"""
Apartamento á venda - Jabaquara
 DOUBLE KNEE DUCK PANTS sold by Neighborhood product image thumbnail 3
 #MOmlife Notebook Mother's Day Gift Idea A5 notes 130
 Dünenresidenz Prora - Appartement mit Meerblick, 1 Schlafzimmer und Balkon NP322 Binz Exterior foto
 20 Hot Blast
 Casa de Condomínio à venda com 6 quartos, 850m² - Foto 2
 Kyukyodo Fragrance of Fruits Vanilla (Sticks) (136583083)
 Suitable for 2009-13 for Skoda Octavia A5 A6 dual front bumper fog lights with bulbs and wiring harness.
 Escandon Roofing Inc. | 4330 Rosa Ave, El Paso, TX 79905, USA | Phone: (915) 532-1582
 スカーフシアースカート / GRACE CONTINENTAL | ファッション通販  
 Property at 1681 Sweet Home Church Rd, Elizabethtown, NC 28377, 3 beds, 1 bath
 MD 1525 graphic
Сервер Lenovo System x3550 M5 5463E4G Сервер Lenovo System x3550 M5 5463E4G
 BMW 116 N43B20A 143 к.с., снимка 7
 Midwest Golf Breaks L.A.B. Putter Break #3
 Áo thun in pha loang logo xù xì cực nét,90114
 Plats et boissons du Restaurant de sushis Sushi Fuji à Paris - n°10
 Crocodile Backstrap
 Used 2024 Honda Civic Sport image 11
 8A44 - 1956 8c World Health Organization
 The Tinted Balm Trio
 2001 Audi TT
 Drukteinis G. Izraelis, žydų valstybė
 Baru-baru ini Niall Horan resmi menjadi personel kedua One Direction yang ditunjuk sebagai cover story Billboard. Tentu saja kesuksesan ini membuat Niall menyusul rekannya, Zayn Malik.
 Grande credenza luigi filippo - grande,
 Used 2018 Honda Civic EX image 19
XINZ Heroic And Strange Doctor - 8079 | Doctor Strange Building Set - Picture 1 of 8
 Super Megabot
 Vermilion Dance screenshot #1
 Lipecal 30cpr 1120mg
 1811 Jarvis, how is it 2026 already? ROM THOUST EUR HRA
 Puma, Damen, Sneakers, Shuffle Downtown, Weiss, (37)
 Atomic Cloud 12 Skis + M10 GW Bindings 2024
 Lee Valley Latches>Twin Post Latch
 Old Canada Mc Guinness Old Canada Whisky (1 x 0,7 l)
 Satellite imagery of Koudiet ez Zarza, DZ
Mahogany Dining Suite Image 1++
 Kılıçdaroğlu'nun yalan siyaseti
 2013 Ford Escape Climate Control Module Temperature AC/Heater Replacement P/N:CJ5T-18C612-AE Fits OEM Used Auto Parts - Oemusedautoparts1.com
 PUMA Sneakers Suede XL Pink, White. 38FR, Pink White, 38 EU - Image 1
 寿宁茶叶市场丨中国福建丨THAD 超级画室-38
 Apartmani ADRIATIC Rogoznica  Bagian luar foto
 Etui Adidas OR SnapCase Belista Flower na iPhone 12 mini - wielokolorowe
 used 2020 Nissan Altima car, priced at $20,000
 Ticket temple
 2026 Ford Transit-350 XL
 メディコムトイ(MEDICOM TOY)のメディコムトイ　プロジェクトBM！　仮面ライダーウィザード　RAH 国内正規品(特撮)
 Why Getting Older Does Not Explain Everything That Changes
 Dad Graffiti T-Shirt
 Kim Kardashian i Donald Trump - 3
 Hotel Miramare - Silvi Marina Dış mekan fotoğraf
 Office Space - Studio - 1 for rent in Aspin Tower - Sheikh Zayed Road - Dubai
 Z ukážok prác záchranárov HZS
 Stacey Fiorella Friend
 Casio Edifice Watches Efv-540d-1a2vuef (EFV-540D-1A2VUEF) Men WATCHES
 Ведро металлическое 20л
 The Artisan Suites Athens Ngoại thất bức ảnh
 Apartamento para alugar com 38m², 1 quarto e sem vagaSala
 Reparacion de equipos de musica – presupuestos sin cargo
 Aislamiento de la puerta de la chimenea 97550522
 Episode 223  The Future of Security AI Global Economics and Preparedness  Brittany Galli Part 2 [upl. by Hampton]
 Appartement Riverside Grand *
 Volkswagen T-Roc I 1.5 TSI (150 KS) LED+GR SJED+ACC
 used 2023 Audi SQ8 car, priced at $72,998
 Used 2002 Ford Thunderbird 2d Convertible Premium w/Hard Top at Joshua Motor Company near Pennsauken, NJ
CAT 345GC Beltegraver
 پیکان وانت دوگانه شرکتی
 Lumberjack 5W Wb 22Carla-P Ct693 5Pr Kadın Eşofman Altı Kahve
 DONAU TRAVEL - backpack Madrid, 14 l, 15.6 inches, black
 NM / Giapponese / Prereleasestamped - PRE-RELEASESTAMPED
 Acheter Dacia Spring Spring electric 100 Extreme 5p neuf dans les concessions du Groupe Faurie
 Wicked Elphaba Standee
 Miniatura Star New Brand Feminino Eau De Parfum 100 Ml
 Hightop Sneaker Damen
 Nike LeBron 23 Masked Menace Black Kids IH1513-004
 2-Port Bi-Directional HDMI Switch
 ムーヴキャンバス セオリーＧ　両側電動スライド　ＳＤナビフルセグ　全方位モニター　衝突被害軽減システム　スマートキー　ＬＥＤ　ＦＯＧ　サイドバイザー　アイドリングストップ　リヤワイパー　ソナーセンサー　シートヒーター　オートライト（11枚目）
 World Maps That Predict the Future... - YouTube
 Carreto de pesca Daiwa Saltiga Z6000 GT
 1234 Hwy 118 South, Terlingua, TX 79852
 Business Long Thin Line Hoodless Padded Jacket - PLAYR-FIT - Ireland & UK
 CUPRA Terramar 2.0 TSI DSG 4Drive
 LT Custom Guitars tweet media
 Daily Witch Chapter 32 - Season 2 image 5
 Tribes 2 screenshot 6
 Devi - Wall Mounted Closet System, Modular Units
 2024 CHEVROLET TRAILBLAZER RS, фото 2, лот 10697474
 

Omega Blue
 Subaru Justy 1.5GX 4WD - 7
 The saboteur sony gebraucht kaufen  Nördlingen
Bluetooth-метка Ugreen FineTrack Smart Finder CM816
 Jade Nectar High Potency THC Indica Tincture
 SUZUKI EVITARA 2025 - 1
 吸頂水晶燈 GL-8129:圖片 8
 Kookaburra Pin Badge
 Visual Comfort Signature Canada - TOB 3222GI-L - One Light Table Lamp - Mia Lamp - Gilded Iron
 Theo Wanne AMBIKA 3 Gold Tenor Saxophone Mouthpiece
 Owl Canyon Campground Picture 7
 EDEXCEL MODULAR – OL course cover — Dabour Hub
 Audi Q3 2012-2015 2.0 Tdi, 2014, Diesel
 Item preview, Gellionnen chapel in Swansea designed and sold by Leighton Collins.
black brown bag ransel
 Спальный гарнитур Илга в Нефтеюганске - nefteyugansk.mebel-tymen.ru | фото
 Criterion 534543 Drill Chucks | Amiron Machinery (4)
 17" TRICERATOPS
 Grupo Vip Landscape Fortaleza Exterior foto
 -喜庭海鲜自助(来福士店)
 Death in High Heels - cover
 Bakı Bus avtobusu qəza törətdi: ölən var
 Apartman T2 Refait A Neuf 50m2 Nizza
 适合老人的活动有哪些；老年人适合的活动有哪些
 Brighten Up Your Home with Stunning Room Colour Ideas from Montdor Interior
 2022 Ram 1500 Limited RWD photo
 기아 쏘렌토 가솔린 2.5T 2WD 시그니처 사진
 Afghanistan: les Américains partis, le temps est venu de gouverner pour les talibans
"""
:: Requirement ::
Repeat exactly the lines of the listing above, from the one with "Miniatura Star New" down to the one with "Devi - Wall"; both of those lines belong in the range.

:: Response area ::
 Miniatura Star New Brand Feminino Eau De Parfum 100 Ml
 Hightop Sneaker Damen
 Nike LeBron 23 Masked Menace Black Kids IH1513-004
 2-Port Bi-Directional HDMI Switch
 ムーヴキャンバス セオリーＧ　両側電動スライド　ＳＤナビフルセグ　全方位モニター　衝突被害軽減システム　スマートキー　ＬＥＤ　ＦＯＧ　サイドバイザー　アイドリングストップ　リヤワイパー　ソナーセンサー　シートヒーター　オートライト（11枚目）
 World Maps That Predict the Future... - YouTube
 Carreto de pesca Daiwa Saltiga Z6000 GT
 1234 Hwy 118 South, Terlingua, TX 79852
 Business Long Thin Line Hoodless Padded Jacket - PLAYR-FIT - Ireland & UK
 CUPRA Terramar 2.0 TSI DSG 4Drive
 LT Custom Guitars tweet media
 Daily Witch Chapter 32 - Season 2 image 5
 Tribes 2 screenshot 6
 Devi - Wall Mounted Closet System, Modular Units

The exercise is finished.